■ Your task ■
Below are the entries to work from; restate word for word the portion that opens with the line containing "child, swimming, arm" and closes with the line containing "2018 Audi RS5", keeping both.

■ Extracted data ■

#####

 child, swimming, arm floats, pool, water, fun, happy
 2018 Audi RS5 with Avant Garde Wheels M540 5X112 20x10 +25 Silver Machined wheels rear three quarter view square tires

#####

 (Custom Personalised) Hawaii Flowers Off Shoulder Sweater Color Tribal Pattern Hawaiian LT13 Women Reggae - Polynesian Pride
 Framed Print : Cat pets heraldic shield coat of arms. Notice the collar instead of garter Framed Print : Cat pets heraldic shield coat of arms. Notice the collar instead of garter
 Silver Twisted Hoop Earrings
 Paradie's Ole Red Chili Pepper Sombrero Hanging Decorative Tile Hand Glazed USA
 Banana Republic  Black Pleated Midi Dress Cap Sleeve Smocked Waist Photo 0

#####

■ Output ■
 child, swimming, arm floats, pool, water, fun, happy
 2018 Audi RS5 with Avant Garde Wheels M540 5X112 20x10 +25 Silver Machined wheels rear three quarter view square tires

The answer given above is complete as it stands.